Fatma Saltwater mit Jamal
Wir genießen das Zusammensein sehr

Als ich Fatma zum ersten Mal sah, fiel mir zuerst ihr Kracher-Style auf. Bunte Haare, auffällige Sneaker, ungewohnte Kombinationen, die aber immer überraschend stimmig aussahen. Kein Wunder, dass die Gute als Stylistin arbeitet.
Als ich mich dann mit ihr unterhielt, merkte ich außerdem schnell, dass hinter der funky Oberfläche noch viel mehr steckt: eine liebevolle und vielschichtige Seele, jede Menge Lebenserfahrung und ganz, ganz viel Herz. Fatma ist früh Mutter geworden, mit ihrem Mann Kay ist sie zusammen, seit sie 18 ist. Hätte man jetzt auch nicht auf den ersten Blick gedacht, oder? Wie der Alltag der kleinen Familie, die in Köln lebt, so aussieht, welche Werte sie gerne weitergeben möchte und wie sie sich als Schwarze Frau und Mutter in Deutschland fühlt, all das hat uns Fatma im Interview erzählt.

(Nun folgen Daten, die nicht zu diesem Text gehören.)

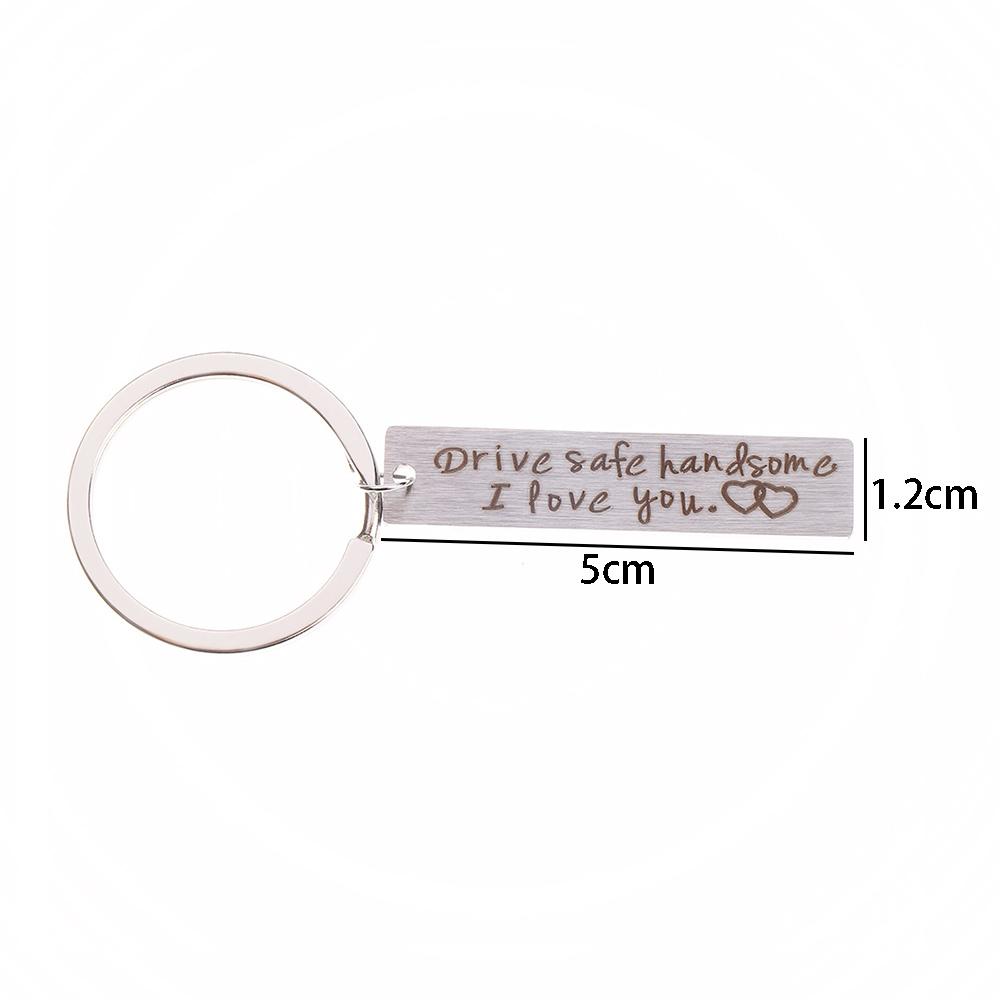 Engraved Drive Safe Handsome Hang Keys Pendants Jewelry Key Chain Key Ring Fashion Accessories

Hi Fatma! Du bist mit deinem Mann zusammen, seitdem du 18 bist. Hast du dir damals vorstellen können, dass er der Mann deines Lebens wird, mit Kindern, Hochzeit und allem?

Erst nicht. Ich hatte damals überhaupt keinen Kopf und keine Zeit für sowas. Ich habe professionell Basketball gespielt, mich kurz danach verletzt und dann angefangen, neben der Schule zwei Jobs auszuüben. Themen wie “Hochzeit & Kinder” waren noch nicht in meinem Kopf, aber das Schicksal hat wohl gewollt, dass wir zueinander finden! Aus jetziger Sicht kann ich mir kein Leben ohne meine beiden Männer vorstellen – ich bin sehr froh, dass unsere Beziehung sich so natürlich und echt entwickelt hat!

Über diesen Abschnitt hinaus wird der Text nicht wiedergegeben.